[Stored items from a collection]

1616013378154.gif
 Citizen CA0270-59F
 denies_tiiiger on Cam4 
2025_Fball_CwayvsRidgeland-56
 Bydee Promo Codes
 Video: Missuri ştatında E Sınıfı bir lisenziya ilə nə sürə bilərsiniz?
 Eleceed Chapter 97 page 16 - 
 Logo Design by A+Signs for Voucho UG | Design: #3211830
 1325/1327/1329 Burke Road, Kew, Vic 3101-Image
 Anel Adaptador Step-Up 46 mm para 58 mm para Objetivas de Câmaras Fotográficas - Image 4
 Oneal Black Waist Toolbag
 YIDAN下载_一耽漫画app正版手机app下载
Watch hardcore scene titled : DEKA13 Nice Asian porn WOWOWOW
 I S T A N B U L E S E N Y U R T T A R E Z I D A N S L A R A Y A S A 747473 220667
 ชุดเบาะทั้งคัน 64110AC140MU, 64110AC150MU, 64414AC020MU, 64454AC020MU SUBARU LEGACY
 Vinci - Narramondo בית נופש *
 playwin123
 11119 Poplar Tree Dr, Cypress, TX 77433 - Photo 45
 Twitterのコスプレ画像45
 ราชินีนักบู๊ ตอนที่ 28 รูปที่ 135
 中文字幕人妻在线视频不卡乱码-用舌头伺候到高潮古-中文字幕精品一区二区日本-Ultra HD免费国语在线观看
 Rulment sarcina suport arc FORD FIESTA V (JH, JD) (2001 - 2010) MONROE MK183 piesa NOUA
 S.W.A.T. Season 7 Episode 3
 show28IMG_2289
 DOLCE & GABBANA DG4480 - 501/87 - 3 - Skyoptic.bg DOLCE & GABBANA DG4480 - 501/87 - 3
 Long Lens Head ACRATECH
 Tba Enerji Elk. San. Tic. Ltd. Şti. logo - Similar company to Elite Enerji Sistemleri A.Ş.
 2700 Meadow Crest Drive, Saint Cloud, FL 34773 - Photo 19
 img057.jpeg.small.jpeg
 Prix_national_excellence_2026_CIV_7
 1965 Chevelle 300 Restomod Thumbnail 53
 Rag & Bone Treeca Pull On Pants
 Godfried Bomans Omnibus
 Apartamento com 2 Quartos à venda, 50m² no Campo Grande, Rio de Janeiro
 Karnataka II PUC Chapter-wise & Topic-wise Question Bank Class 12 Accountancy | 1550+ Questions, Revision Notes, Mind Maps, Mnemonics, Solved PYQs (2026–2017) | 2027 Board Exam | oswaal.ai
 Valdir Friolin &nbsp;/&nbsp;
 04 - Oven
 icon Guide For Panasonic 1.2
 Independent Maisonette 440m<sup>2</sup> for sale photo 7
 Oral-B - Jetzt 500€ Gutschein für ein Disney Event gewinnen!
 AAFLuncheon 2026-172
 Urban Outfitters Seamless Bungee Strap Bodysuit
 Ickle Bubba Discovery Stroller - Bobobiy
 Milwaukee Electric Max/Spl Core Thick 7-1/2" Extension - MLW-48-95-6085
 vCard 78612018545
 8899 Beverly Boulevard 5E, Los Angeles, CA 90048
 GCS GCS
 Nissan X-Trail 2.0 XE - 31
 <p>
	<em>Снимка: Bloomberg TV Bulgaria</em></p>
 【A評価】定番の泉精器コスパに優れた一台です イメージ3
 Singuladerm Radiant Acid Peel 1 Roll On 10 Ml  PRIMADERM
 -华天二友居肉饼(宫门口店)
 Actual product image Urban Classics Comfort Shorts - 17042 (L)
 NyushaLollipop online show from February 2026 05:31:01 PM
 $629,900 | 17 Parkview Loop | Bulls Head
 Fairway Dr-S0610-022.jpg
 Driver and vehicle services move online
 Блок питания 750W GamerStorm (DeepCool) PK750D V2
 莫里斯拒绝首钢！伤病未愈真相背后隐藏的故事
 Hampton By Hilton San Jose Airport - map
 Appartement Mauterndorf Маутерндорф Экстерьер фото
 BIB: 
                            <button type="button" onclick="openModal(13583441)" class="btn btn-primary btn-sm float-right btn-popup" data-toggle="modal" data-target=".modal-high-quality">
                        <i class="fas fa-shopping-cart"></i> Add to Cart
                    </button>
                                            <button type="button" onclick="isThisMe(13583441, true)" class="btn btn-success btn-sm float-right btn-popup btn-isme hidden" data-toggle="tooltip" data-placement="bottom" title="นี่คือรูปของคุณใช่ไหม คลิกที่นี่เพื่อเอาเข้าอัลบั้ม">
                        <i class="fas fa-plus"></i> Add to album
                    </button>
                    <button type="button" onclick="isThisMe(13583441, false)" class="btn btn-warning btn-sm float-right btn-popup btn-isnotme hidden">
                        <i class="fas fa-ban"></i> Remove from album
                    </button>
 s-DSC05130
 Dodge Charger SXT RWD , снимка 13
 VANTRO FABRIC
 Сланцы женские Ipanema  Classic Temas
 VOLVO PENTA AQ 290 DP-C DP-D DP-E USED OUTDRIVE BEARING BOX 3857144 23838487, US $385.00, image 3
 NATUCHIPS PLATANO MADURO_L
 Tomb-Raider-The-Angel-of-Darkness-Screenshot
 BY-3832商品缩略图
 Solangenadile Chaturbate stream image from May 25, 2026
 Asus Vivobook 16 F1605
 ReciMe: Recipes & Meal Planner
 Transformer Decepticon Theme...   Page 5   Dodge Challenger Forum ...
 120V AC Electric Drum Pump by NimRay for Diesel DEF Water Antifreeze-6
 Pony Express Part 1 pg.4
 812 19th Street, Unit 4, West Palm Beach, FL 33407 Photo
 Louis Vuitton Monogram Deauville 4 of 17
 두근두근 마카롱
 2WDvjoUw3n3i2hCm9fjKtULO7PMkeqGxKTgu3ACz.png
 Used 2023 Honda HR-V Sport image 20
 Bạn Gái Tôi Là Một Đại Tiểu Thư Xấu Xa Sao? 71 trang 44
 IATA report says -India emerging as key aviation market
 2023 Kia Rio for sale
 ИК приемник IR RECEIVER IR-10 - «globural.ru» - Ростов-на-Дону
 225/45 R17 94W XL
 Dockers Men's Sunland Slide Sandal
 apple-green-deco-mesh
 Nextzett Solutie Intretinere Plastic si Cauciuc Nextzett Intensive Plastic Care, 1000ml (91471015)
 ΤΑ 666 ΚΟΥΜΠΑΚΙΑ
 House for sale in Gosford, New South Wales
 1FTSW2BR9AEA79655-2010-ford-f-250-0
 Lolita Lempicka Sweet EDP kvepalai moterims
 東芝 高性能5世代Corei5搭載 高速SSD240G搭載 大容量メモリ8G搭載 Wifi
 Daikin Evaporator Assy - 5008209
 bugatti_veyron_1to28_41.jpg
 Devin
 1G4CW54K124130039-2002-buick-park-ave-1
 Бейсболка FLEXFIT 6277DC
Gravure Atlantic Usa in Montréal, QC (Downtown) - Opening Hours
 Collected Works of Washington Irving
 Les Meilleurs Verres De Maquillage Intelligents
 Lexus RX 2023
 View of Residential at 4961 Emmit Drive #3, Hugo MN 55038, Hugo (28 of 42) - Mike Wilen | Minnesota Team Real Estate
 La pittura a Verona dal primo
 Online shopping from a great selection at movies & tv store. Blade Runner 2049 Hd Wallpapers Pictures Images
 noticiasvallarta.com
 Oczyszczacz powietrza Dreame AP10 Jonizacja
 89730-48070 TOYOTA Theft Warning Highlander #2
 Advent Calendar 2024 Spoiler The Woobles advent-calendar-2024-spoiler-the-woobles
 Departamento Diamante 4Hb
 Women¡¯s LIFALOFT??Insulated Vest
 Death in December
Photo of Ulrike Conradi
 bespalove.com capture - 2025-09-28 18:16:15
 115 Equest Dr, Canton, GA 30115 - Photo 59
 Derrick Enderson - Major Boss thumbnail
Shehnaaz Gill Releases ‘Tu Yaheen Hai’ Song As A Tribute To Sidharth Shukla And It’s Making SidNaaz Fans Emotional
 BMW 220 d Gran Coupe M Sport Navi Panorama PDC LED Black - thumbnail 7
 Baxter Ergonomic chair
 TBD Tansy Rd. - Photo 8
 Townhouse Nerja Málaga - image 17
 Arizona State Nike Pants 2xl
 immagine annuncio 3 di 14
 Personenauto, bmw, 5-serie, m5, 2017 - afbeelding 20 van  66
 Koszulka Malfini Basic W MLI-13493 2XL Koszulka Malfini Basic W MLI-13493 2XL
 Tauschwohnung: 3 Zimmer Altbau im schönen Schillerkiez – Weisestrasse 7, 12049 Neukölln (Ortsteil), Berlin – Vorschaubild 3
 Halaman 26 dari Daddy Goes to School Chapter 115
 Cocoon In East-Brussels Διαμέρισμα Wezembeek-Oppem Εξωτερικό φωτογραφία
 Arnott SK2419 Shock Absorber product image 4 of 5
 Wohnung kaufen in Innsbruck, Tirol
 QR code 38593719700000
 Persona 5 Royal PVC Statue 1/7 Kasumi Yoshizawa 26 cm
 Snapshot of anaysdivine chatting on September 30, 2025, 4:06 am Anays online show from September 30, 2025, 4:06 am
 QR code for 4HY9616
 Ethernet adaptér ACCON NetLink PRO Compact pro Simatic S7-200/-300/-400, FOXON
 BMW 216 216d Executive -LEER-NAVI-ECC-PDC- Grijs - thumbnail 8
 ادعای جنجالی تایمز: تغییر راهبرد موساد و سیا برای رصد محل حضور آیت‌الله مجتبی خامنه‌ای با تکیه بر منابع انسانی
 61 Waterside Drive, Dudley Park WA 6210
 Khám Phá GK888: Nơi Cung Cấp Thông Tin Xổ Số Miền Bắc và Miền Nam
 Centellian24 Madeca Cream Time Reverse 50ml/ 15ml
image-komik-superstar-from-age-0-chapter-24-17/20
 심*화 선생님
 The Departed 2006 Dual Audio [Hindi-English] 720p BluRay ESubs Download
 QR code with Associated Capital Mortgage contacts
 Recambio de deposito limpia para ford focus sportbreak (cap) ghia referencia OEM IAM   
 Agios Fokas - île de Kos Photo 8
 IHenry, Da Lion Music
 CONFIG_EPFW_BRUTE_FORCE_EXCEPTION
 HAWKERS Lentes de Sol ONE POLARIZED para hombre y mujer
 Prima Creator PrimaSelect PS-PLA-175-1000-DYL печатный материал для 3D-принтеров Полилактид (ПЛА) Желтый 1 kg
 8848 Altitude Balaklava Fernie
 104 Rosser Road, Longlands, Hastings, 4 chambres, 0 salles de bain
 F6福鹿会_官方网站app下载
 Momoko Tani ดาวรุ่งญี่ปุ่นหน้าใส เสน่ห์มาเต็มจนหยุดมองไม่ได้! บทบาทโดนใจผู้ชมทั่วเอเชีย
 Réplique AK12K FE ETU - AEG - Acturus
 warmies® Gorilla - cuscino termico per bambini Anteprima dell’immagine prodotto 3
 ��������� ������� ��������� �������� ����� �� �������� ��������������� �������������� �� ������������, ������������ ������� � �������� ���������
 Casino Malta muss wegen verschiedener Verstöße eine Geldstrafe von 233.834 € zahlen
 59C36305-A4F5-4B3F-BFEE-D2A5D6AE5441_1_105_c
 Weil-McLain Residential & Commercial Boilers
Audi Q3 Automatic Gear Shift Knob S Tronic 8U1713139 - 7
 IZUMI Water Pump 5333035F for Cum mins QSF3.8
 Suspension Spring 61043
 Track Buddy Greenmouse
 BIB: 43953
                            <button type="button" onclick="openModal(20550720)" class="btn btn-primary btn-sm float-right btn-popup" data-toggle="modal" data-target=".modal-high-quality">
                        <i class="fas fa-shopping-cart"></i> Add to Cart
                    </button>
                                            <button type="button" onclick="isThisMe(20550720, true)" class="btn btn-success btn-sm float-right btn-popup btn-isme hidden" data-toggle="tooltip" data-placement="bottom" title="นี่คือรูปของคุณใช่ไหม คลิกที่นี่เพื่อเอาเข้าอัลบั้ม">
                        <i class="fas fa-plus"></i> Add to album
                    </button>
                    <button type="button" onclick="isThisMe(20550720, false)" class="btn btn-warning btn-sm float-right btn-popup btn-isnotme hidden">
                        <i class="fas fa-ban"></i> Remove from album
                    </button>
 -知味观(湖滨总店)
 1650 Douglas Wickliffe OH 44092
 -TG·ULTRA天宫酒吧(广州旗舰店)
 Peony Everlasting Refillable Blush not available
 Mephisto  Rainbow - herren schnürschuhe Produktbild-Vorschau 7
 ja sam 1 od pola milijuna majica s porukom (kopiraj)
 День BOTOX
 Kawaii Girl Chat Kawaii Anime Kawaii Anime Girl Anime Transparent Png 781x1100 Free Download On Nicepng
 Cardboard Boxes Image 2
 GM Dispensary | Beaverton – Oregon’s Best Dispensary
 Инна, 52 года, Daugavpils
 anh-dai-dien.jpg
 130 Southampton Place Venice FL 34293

- _Exercise requirements_:
Every line above from the line with "Бейсболка FLEXFIT 6277DC" to the line with "La pittura a Verona dal primo" is wanted, ends included; write them out exactly and add no other line.

- _Solved problem_:
 Бейсболка FLEXFIT 6277DC
Gravure Atlantic Usa in Montréal, QC (Downtown) - Opening Hours
 Collected Works of Washington Irving
 Les Meilleurs Verres De Maquillage Intelligents
 Lexus RX 2023
 View of Residential at 4961 Emmit Drive #3, Hugo MN 55038, Hugo (28 of 42) - Mike Wilen | Minnesota Team Real Estate
 La pittura a Verona dal primo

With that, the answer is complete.